| Directory | Level | Description |
|---|---|---|
curlie/ |
host | Curlie.org human-edited web directory — 2.9M entries, 90+ languages, 770K categories |
slashtag/ |
host | blekko human-curated topic categories — 120K+ domains, 1,280 tags |
slashtag-url/ |
url | Same as slashtag but at URL granularity |
external-data/ |
host | Ready-to-use external datasets — no fetch scripts needed (see below) |
fineweb-edu/ |
host | Educational quality scores from HuggingFace FineWeb-Edu (Llama3-70B rated, 0-5 scale) |
gneissweb/ |
host | Data Prep Kit's Gneissweb topic classification scores (technology, science, education, medical) |
gneissweb-url/ |
url | Same as gneissweb above, but at URL granularity |
spam-abuse/ |
host | Malware, phishing, and abuse flags from URLhaus, PhishTank, OpenPhish, and UT1 |
tranco-top1m/ |
host | Domain popularity ranking from Tranco |
university-ranking/ |
host | University identification (Hipo) and world rankings (CWUR 2025) |
university-ranking-url/ |
url | Same as university-ranking above but at URL granularity |
web-graph/ |
host | Link metrics (outdegree, indegree) from Common Crawl's Web Graphs |
web-graph-wikipedia/ |
host | Multi-join example combining web-graph + wikipedia-spam |
wikipedia/categories/ |
host | Website classification from English Wikipedia categories (fact-checking, fake news, satirical, etc.) |
wikipedia/categories-intl/ |
host | Same as categories but across all language Wikipedias via langlinks auto-discovery |
wikipedia/perennial/ |
host | Wikipedia's Reliable Sources |
wikipedia/spam/ |
host | Spam and URL shortener flags from Wikipedia's spam list |
Pre-built YAML files that stream external datasets directly at query time — no local downloads needed. Can be stacked as extra columns on any query.

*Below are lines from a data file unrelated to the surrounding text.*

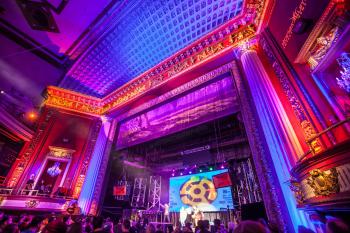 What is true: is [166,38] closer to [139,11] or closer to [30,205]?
[139,11]

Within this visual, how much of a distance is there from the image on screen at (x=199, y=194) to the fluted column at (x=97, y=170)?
20.2 ft

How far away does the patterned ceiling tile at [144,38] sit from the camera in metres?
6.07

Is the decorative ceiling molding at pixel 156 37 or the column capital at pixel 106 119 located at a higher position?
the decorative ceiling molding at pixel 156 37

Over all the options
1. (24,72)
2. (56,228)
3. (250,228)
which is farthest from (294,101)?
(24,72)

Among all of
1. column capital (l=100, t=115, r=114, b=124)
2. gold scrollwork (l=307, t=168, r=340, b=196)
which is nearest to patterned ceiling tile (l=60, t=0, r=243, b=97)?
column capital (l=100, t=115, r=114, b=124)

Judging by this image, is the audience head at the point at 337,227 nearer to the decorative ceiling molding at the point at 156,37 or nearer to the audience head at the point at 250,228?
the audience head at the point at 250,228

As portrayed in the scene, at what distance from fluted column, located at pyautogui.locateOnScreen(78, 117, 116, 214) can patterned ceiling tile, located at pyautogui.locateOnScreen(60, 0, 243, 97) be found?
260cm

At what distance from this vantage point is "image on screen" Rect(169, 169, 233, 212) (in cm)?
1065

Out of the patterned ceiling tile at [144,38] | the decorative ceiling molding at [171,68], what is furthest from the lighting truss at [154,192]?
the patterned ceiling tile at [144,38]

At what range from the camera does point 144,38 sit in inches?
285

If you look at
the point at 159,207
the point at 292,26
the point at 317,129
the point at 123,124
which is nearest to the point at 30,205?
the point at 123,124

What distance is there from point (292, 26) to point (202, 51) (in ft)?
11.3

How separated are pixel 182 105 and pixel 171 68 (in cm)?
184

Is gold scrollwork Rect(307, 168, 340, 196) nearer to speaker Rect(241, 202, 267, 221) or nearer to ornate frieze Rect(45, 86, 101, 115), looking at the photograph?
speaker Rect(241, 202, 267, 221) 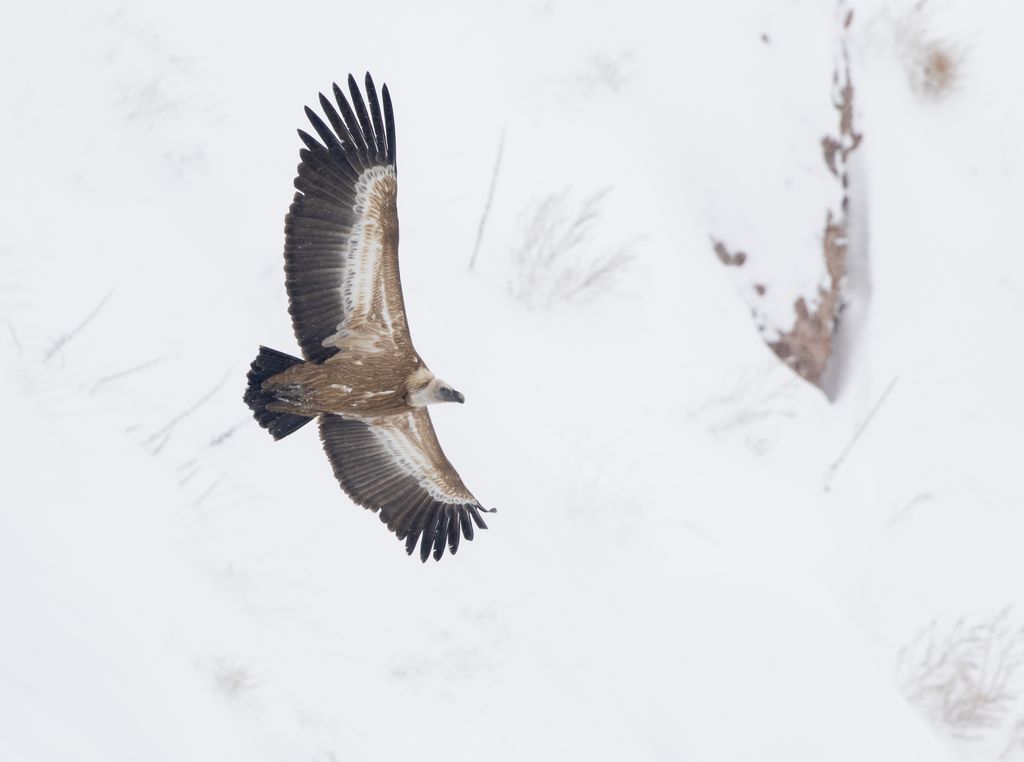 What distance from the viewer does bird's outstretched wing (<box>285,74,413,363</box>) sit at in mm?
5551

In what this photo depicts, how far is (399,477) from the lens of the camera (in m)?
6.32

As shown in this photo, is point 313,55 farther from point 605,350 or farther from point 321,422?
point 321,422

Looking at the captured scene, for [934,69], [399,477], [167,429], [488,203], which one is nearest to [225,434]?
[167,429]

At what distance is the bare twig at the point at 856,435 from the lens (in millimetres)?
9789

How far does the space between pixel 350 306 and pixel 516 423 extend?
271 cm

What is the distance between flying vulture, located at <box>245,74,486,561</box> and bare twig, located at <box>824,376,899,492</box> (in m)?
4.43

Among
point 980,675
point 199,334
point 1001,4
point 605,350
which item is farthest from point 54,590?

| YAML | Source | Domains | License |
|---|---|---|---|
join_tranco.yaml |
Tranco top sites ranking | ~5.4M | CC BY-SA/BY-NC 4.0 |
join_majestic_million.yaml |
Majestic top 1M by referring subnets | 1M | CC BY 3.0 |
join_cisa_gov_domains.yaml |
CISA US .gov domain registry | ~12.6K | Public domain |
join_gsa_nongov_federal.yaml |
GSA US federal non-.gov domains | ~400 | Public domain |
join_ifcn_factcheckers.yaml |
IFCN verified fact-checkers | ~167 | Public |
join_misinfo_domains.yaml |
Lasser et al. misinformation domains | ~4.8K | CC BY-SA 4.0 |
From the project root, fetch dependencies for an example:
make web-graph
Then run a query:
cd examples/web-graph
python annotate.py left_web_host_index.yaml join_web_outin.yaml action_surt_host_name.yaml commoncrawl.org
All examples follow the same pattern: python annotate.py <left.yaml> <join.yaml> [join.yaml ...] <action.yaml> [args]. See docs/yaml-reference.md for the full YAML spec.